A simples dúvida sobre a possibilidade de recondução de Augusto Aras à chefia da Procuradoria-Geral da República causa espanto e suscita polêmica. Mais espantoso e polêmico, contudo, é o presidente Luiz Inácio da Silva não descartar de pronto a hipótese.
Por mais improvável que seu entorno palaciano diga que seja tal escolha, Lula deixa prosperarem os questionamentos a respeito como quem maneja um balão de ensaio. Não impõe um reparo sequer aos elogios de petistas importantes à trajetória e à conduta do procurador.
Afirma que conversará "com todos", inclusive com Aras, para se decidir sem pressa nem submissão a pressões, confirmando que não levará em conta a lista tríplice da associação nacional dos procuradores.
À primeira vista, essa dubiedade soa incoerente ante a declarada disposição do presidente de desmontar o instrumental do antecessor. Nele, Augusto Aras teve papel crucial. Arquivou a quase totalidade de casos que poderiam render problemas a Jair Bolsonaro, assim como o deputado Arthur Lira em sua indiferença à montanha de pedidos de impeachment apresentados à presidência da Câmara.
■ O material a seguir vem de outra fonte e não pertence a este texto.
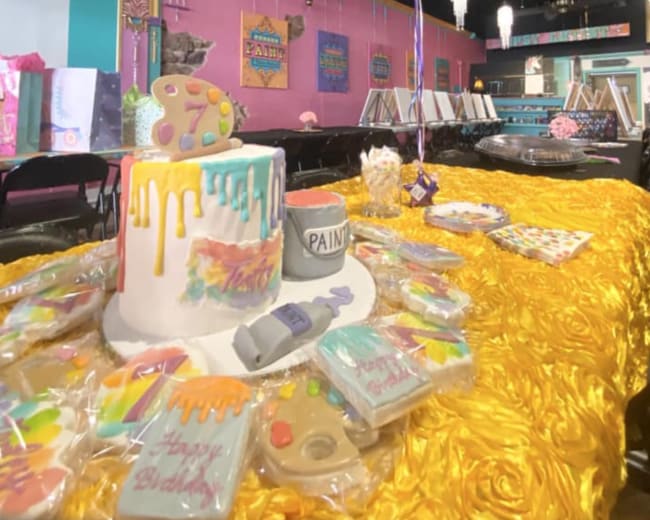 A vibrant party setup featuring a colorful cake, decorated cookies, and balloons, surrounded by party supplies in a bright venue.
Um segundo olhar, porém, sinaliza a existência de sentido na ideia de que a sensibilidade de Augusto Aras para com interesses de governos independentemente do campo ideológico —como se vê na recente adaptação de procedimentos do procurador— seria um fator de segurança para o Planalto.
Se a mera possibilidade de recondução de um lado agride a coerência, de outro segue a lógica do gato escaldado que tem direcionado a conduta do presidente no critério para indicações ao Supremo Tribunal Federal e na abertura dos portos governamentais ao navio do centrão.
Natural que Lula reforce suas defesas, mas não é aceitável que cogite fazê-lo em prejuízo da função do Ministério Público de defesa da sociedade, cujos interesses nem sempre são os mesmos interessantes ao governo de turno.